You can stop that command by pressing Control+C (Command+C on Macintosh).

Congratulations! You deployed a canary release.

Now that your canary release was successful and you haven't heard any customer complaints, you can deploy to the rest of your production fleet.

Step 1

Merge the canary branch and push it to the Git server.

git tag v2.0.0
git push gcp v2.0.0

Review the job on the the History page user interface, where you can see that your build started for the v2.0.0 tag.

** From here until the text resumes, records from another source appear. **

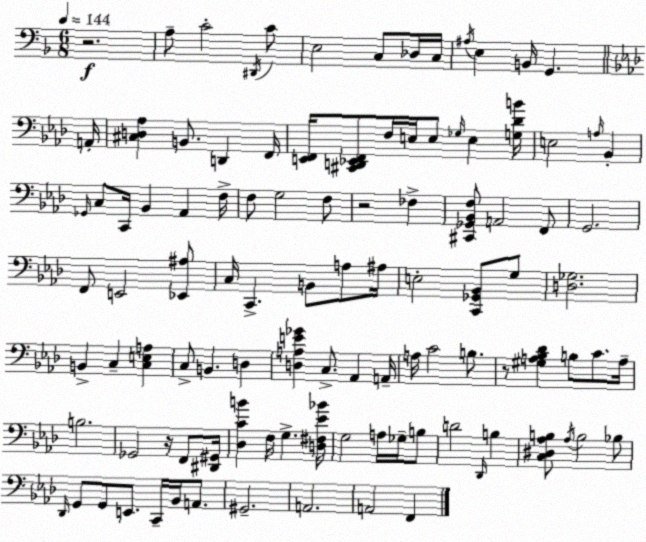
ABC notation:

X:1
T:Untitled
M:6/8
L:1/4
K:Dm
z2 A,/2 C2 ^D,,/4 C/2 E,2 C,/2 _D,/4 C,/4 ^A,/4 E, B,,/4 G,, A,,/4 [^C,D,_A,] B,,/2 D,, F,,/4 [E,,F,,]/4 [^C,,D,,_E,,F,,]/2 F,/4 E,/4 E,/2 _G,/4 E, [G,_DB]/4 E,2 A,/4 _B,, _G,,/4 C,/2 C,,/4 _B,, _A,, F,/4 F,/2 G,2 F,/2 z2 _F, [^C,,_G,,_B,,F,]/2 A,,2 F,,/2 G,,2 F,,/2 E,,2 [_E,,^A,]/2 C,/4 C,, B,,/2 A,/2 ^A,/4 E,2 [C,,_G,,_B,,]/2 G,/2 [D,_G,]2 B,, C, [C,E,A,] C,/2 B,, D, [D,A,E_G] C,/2 _A,, A,,/4 A,/4 C2 B,/2 z/2 [^G,A,_B,_D] B,/2 C/2 A,/4 B,2 _G,,2 z/4 F,,/2 [^D,,^G,,]/4 [_D,CB] F,/4 G, [D,^F,_E_B]/4 G,2 A,/4 _G,/4 B,/2 D2 _D,,/4 B, [C,^D,_A,B,]/2 _A,/4 B,2 _B,/2 _D,,/4 G,,/2 G,,/2 E,,/2 C,,/4 _B,,/4 A,,/2 ^G,,2 A,,2 A,,2 F,,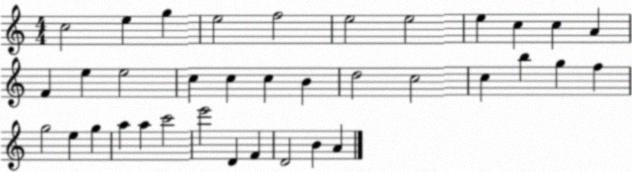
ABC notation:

X:1
T:Untitled
M:4/4
L:1/4
K:C
c2 e g e2 f2 e2 e2 e c c A F e e2 c c c B d2 c2 c b g f g2 e g a a c'2 e'2 D F D2 B A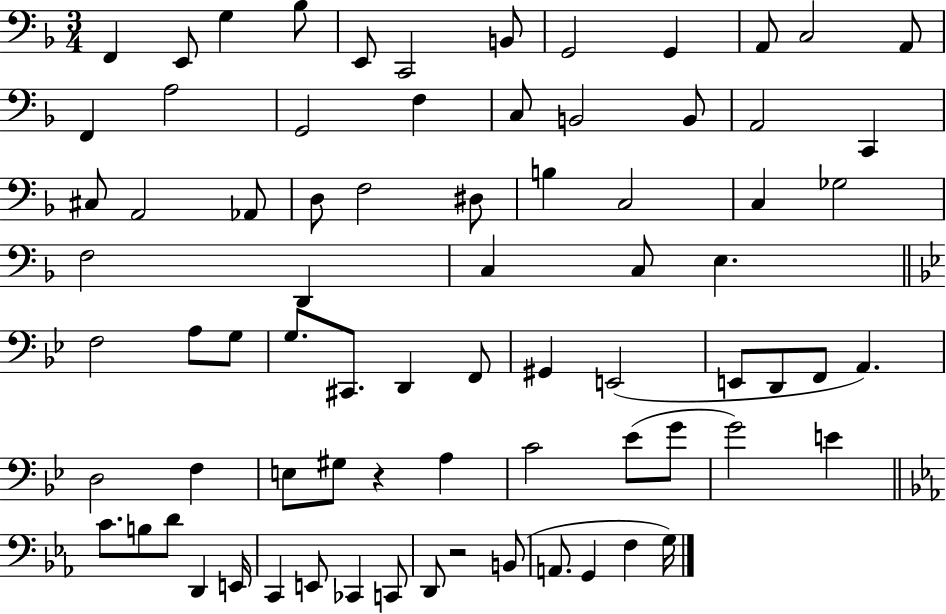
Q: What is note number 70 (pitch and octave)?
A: B2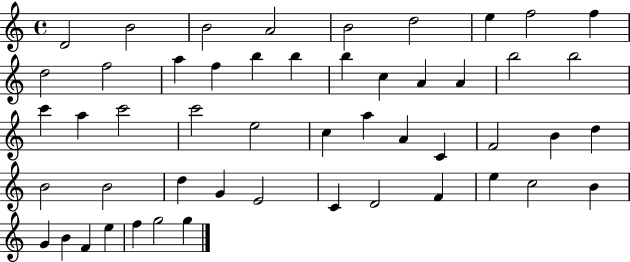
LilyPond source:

{
  \clef treble
  \time 4/4
  \defaultTimeSignature
  \key c \major
  d'2 b'2 | b'2 a'2 | b'2 d''2 | e''4 f''2 f''4 | \break d''2 f''2 | a''4 f''4 b''4 b''4 | b''4 c''4 a'4 a'4 | b''2 b''2 | \break c'''4 a''4 c'''2 | c'''2 e''2 | c''4 a''4 a'4 c'4 | f'2 b'4 d''4 | \break b'2 b'2 | d''4 g'4 e'2 | c'4 d'2 f'4 | e''4 c''2 b'4 | \break g'4 b'4 f'4 e''4 | f''4 g''2 g''4 | \bar "|."
}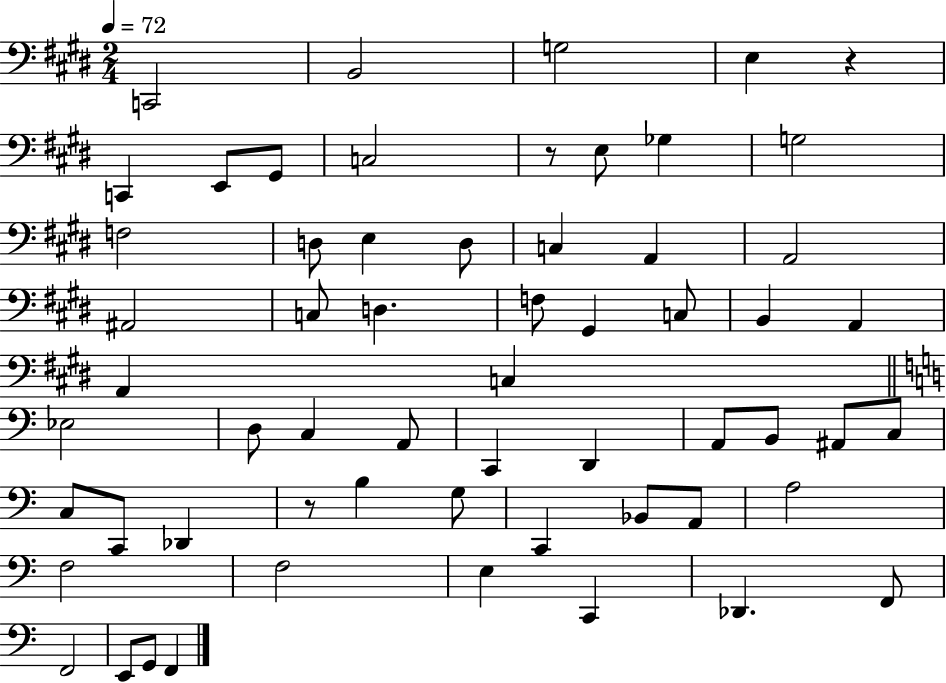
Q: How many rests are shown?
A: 3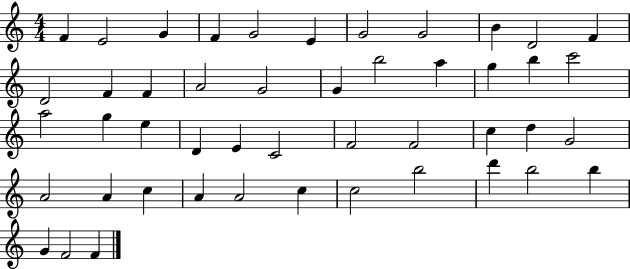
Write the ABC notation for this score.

X:1
T:Untitled
M:4/4
L:1/4
K:C
F E2 G F G2 E G2 G2 B D2 F D2 F F A2 G2 G b2 a g b c'2 a2 g e D E C2 F2 F2 c d G2 A2 A c A A2 c c2 b2 d' b2 b G F2 F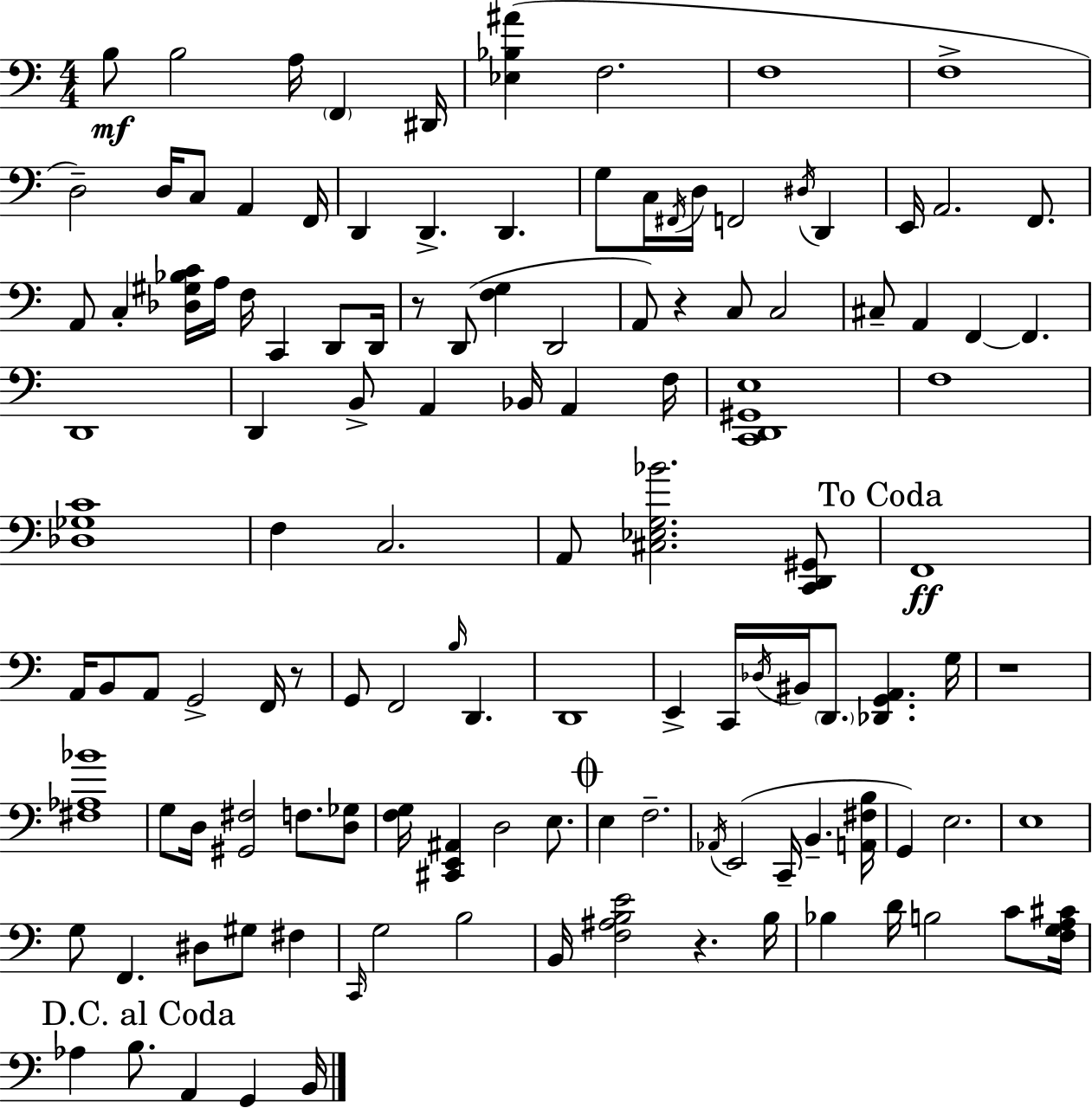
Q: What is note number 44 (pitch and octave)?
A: D2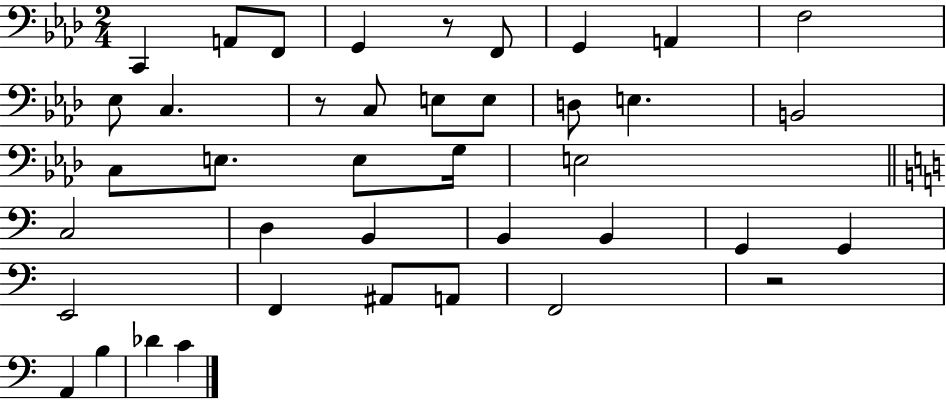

Click into the build to review the details of the job.

Step 2

Once complete, you can check the service URL to ensure that all of the traffic is being served by your new version, 2.0.0. You can also navigate to the site using your browser to see your orange cards.

export FRONTEND_SERVICE_IP=$(kubectl get -o jsonpath="{.status.loadBalancer.ingress[0].ip}" --namespace=production services gceme-frontend)
while true; do curl http://$FRONTEND_SERVICE_IP/version; sleep 1;  done

Step 3

You can stop this command by pressing Control+C (Command+C on Macintosh).

Congratulations! You deployed your app to production.